Only one stretch of the data below is wanted: the lines from the one with "Shinhan Wallcoverings Circle" through the one with "Halaman 104", repeated exactly.

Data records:

____________________

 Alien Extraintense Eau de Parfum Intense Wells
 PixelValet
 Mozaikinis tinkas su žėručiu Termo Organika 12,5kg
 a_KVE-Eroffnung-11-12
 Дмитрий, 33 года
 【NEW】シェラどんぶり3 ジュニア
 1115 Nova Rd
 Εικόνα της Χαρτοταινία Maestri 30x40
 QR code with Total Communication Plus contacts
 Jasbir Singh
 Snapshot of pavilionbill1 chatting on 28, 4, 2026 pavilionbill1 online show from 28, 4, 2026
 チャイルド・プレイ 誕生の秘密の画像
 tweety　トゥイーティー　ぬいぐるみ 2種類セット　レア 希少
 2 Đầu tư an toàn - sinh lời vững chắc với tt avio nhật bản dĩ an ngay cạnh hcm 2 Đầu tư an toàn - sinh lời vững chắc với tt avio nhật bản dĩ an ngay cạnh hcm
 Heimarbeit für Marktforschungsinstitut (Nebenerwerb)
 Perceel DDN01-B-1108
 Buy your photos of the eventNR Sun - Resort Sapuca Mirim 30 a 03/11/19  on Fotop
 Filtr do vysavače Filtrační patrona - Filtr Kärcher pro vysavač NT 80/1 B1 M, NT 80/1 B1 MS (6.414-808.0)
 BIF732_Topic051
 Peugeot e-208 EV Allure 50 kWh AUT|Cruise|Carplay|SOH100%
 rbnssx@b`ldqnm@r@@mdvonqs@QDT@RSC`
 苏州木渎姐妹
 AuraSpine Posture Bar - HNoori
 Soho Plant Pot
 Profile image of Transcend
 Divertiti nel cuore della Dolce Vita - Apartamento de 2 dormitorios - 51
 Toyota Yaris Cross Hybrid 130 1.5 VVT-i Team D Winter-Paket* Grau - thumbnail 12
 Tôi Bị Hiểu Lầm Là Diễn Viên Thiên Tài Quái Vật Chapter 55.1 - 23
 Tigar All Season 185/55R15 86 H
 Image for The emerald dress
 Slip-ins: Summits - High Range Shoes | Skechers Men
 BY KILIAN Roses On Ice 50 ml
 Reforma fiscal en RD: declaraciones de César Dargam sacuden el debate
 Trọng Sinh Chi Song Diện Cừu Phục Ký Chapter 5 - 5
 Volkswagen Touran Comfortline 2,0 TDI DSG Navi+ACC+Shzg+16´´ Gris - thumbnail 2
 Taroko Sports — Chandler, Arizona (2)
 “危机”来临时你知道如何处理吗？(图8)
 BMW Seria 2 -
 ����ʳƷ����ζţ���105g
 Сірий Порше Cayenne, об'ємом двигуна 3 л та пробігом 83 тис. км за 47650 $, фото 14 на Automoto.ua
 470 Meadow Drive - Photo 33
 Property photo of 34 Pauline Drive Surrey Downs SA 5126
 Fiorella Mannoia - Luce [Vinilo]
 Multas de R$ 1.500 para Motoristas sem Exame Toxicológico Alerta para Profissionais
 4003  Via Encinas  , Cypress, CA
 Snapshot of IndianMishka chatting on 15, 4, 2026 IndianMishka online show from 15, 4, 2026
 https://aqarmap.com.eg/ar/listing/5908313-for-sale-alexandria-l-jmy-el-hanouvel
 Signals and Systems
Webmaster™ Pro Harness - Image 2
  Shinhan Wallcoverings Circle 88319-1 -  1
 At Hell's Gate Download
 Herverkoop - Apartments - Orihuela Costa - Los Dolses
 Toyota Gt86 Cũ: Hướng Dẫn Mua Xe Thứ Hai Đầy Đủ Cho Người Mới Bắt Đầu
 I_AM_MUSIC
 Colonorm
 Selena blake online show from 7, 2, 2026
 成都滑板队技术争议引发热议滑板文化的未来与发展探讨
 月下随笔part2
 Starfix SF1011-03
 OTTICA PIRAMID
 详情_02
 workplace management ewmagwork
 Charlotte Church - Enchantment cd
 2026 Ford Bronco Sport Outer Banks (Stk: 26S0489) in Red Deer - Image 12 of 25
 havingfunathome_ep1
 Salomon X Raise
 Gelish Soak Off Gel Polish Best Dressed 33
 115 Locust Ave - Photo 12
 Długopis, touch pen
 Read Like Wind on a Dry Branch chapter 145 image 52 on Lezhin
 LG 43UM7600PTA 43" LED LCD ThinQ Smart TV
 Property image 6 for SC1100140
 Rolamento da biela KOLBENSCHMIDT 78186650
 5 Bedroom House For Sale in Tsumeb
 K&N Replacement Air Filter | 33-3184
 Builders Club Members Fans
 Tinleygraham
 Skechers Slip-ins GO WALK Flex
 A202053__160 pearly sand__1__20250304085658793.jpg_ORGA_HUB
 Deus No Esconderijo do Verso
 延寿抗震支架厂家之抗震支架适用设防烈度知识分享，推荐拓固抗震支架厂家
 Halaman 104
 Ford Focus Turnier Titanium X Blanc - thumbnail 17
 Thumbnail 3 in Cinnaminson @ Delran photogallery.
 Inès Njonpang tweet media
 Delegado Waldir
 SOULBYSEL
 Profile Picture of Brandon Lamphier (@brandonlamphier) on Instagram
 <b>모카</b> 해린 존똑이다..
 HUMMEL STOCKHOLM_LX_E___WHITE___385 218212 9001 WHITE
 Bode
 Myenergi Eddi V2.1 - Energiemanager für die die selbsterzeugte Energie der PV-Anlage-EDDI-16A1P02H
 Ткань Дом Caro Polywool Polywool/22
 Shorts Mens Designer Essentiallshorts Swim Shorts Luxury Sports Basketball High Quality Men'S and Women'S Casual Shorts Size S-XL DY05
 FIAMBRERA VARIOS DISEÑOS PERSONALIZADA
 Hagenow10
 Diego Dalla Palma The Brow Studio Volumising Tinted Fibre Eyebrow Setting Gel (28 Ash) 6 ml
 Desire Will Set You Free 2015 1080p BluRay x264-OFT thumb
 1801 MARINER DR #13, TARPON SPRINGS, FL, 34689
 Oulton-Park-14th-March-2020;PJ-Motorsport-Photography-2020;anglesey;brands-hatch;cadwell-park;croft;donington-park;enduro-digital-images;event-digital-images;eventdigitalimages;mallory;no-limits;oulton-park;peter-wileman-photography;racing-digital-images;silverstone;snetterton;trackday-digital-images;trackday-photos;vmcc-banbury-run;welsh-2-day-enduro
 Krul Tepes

____________________

#### Reply to the exercise:
  Shinhan Wallcoverings Circle 88319-1 -  1
 At Hell's Gate Download
 Herverkoop - Apartments - Orihuela Costa - Los Dolses
 Toyota Gt86 Cũ: Hướng Dẫn Mua Xe Thứ Hai Đầy Đủ Cho Người Mới Bắt Đầu
 I_AM_MUSIC
 Colonorm
 Selena blake online show from 7, 2, 2026
 成都滑板队技术争议引发热议滑板文化的未来与发展探讨
 月下随笔part2
 Starfix SF1011-03
 OTTICA PIRAMID
 详情_02
 workplace management ewmagwork
 Charlotte Church - Enchantment cd
 2026 Ford Bronco Sport Outer Banks (Stk: 26S0489) in Red Deer - Image 12 of 25
 havingfunathome_ep1
 Salomon X Raise
 Gelish Soak Off Gel Polish Best Dressed 33
 115 Locust Ave - Photo 12
 Długopis, touch pen
 Read Like Wind on a Dry Branch chapter 145 image 52 on Lezhin
 LG 43UM7600PTA 43" LED LCD ThinQ Smart TV
 Property image 6 for SC1100140
 Rolamento da biela KOLBENSCHMIDT 78186650
 5 Bedroom House For Sale in Tsumeb
 K&N Replacement Air Filter | 33-3184
 Builders Club Members Fans
 Tinleygraham
 Skechers Slip-ins GO WALK Flex
 A202053__160 pearly sand__1__20250304085658793.jpg_ORGA_HUB
 Deus No Esconderijo do Verso
 延寿抗震支架厂家之抗震支架适用设防烈度知识分享，推荐拓固抗震支架厂家
 Halaman 104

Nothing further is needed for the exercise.